しかし、「骨太の方針」の「教育無償化」にはすべて「所得制限」や「学習成績」などの条件が設定されています。
「高等教育無償化」に至っては、学生本人だけでなく大学等にまで条件を課すという、信じられないような制約を加えています。
こうした施策を無償化と称することは一刻も早く改めさせなければなりません。


 「人づくり革命」そのものが、国があってそれを支える「人材」をつくるという発想で構築されています。
しかし、今必要なことはその発想を逆転させ、すべての人が権利としての無償教育を受けられるよう施策をつくることです。国がすべきはそのための政策を立てることです。


(3)「投資とイノベーションの促進」では、「教育の質の向上」が位置づけられ、「第3期教育振興基本計画」や教育再生実行会議の提言、「Society 5.0」に向けた「人材」育成のため、改訂学習指導要領の実施や、高校の機能強化、チーム学校の実現などがあげられています。


「教育の質の向上」が教育の視点で検討されたものではなく、経済政策実現のために利用できる「教育」推進のため書かれている点は重大な問題をもつものです。改訂学習指導要領によって国の定める「資質・能力」を子どもたちに身につけさせようとするのは、公教育を総動員して国や財界がもとめる「人材」育成をすすめるためのものということができます。


 また、教職員の働き方について「改善」をはかるとありますが、そのための最善策である少人数学級実現や教職員定数改善などにまったく触れていません。本来、財政運営をいうなら教育条件整備についての方針ならびに施策を示さねばなりません。
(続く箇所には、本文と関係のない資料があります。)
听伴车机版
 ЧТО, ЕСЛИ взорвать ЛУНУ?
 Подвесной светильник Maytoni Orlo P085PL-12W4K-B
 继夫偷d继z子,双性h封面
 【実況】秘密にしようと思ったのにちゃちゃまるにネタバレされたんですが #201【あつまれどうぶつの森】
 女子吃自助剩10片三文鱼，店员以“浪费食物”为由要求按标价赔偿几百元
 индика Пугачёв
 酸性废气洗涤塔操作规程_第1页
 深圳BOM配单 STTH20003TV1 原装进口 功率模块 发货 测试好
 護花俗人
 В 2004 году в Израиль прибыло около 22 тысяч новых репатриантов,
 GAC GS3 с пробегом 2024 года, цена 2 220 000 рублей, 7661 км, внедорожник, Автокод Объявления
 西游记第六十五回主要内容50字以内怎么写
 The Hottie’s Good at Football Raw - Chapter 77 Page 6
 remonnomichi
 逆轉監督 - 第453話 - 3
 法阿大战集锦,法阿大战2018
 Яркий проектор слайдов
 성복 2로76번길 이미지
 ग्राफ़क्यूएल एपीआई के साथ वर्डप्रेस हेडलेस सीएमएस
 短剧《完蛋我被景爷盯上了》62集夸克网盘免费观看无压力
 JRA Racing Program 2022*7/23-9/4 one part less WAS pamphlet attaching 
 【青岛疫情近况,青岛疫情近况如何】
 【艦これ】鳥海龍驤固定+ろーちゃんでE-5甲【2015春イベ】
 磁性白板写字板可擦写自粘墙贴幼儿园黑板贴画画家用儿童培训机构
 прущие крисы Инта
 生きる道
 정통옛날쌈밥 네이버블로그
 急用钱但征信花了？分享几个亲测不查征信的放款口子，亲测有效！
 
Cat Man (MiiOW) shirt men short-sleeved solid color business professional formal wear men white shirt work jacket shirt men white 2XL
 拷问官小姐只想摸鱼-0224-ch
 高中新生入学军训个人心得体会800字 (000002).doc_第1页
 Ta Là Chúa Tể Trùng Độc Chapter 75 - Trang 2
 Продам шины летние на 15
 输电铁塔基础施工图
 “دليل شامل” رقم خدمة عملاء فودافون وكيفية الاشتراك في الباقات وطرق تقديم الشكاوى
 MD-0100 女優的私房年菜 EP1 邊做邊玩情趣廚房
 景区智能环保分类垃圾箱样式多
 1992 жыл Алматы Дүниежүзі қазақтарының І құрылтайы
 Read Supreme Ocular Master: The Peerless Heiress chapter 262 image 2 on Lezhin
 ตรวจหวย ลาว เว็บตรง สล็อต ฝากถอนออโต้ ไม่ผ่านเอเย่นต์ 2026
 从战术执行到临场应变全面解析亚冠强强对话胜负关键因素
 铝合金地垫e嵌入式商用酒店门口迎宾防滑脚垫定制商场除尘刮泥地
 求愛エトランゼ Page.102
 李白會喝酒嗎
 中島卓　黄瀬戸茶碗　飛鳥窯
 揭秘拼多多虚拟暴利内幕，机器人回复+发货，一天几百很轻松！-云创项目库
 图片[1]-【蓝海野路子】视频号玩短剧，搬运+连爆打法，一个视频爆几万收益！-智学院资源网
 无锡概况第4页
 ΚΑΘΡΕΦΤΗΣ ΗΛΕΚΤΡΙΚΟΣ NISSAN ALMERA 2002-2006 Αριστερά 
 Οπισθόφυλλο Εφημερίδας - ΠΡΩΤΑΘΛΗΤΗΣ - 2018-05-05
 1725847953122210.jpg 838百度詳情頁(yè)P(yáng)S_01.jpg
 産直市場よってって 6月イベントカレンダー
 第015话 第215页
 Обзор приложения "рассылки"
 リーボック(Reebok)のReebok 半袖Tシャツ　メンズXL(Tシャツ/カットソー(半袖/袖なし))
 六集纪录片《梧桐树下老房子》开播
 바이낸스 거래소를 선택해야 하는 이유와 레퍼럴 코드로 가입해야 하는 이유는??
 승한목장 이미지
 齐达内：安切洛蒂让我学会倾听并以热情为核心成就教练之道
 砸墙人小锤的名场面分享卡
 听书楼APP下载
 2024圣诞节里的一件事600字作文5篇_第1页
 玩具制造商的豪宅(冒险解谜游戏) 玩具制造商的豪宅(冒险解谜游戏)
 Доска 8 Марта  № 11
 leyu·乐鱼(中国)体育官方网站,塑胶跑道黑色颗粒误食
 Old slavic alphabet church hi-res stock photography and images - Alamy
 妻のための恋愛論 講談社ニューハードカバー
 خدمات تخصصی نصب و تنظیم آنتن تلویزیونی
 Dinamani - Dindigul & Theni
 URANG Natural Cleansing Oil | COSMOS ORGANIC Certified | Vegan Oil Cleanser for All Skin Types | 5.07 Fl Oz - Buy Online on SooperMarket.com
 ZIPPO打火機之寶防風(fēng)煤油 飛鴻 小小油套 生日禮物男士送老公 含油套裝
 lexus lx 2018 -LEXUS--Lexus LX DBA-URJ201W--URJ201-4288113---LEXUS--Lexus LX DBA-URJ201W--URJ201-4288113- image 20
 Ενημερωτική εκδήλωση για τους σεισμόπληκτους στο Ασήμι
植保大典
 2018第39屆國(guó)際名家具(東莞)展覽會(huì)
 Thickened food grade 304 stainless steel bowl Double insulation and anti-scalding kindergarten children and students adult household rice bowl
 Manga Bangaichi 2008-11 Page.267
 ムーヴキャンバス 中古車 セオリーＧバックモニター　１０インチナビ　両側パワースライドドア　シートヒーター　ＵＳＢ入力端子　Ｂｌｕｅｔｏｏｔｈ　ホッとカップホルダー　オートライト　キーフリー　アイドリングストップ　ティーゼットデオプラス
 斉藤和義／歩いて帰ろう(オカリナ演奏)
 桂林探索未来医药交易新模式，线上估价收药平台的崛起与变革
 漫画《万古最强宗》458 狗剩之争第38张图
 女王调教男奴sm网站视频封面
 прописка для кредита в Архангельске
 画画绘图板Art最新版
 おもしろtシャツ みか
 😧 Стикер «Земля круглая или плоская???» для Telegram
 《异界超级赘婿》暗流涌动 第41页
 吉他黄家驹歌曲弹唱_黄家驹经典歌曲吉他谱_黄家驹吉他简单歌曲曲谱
(4)全教は、「骨太の方針」に沿った教育政策ではなく、憲法子どもの権利条約にもとづき子どもたちの学ぶ権利を保障し、子どもたち一人ひとりを人間として大切にする教育・学校づくりをすすめる教育政策を強く求めるものです。そのために、概算要求期のとりくみと結んで、父母・国民の願いであるゆきとどいた教育の実現に向けた全国的な運動を大きく広げる決意です。